Here are a few examples:

Cumbia Rebajadas

Cumbia is a musical form originated in Colombia that spread as a popular musical form throughout Latin America. Cumbia Rebajadas is a variation from Monterrey Mexico with an unusual origin story.

Rebajada can be traced to one man, Sonido Dueñez. Here he is describing this cumbia’s origins:

The rebajada was created at a party when the Radson [a brand of amplifier] began to sound slow because the turntable’s motor ground down. We were scared cause of what happened, but then after this accident people began to ask for the rebajado version [rebajado means lowered or cut down in some way, i.e. slowed down], so we recorded Volume One, Two, Three and one hundred more. Thank god we have the original cassettes. The first cassette was released in 1992 and we sold it at the Puente del Papa market by the Santa Catarina river. My wife began to sell three or four cassettes with a little table and sound system, and thank god we made a lot.

Sonido Dueñez.
The Sonido Dueñez Archive on Mixcloud catalogues some of the Rebajaras cassettes

Screwed and Chopped

“Since the 1990s, many of Houston’s African American residents have customized cars and customized the sound of hip hop. Cars called “slabs” swerve a slow path through the city streets, banging out a distinctive local music that paid tribute to those very same streets and neighborhoods.” – Phantom Power

Screwed and Chopped is a style of Hip Hop that emerged from this culture. Like Cumbia Rebajada it pitches the music down by slowing the speed of the turntable. Also like Rebajada, you can trace this music back to one artist, in this case DJ Screw

Here is a great episode of the podcast Phantom Power that dives into the history of Screwed and Chopped, its links to Slab culture, 1990’s hip hop, and the slowing and blurring effects of the narcotic beverage called “lean”, a combination of codeine cough syrup and soda that ultimately killed the originator of the Screwed and Chopped style, DJ Screw.

9 Beet Stretch

Rebajada and Screwed and Chopped showed how a technical glitch (like a damaged turntable) can actually be a generative force, spawning a new aesthetic style. For a comprehensive take on the aesthetics of malfunction in avant garde art and contemporary experimental music, check out the book Cracked Media – The Sound of Malfunction by Caleb Kelly

Here’s an example that escapes the realm of motors and manual pitch shifting and leaps into the stretching of digital files. In 9 Beet Stretch the Scandinavian artist Leif Inge took a piece of music that’s pretty recognizable to most people, Beethoven’s 9th Symphony, which usually clocks in at about 70 minutes, and stretched it to a full 24 hours.

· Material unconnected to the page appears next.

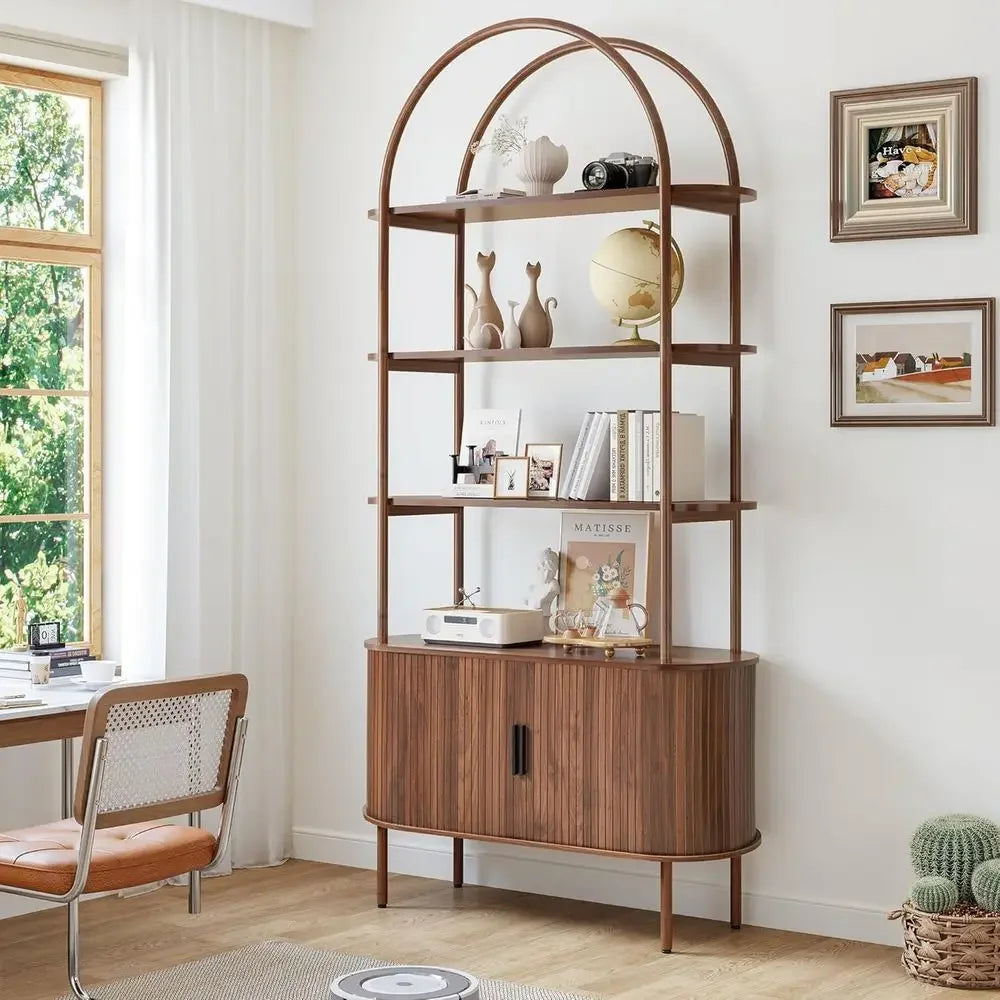 Curved Tambour Door Bookcase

The difference between what we hear in 9 Beet Stretch and, say South Side Groovin’ from DJ Screw, is that in the case of “Groovin” when the turntable slows down, the pitch is also lowered. So the voice and music sound slower and lower. In 9 Beet Stretch however, Inge uses various technologies to stretch the music while maintaining the original pitch of the sound.

The blurring and stretching transformations in 9 Beet Stretch are derived from the manipulation digital data which connects it to yet another 1990’s aesthetic style: Glitch. An important aspect of the genre of Glitch, a form of electronic music, is that it exploited the bits, bites and faults that can arise when sound is a digital medium.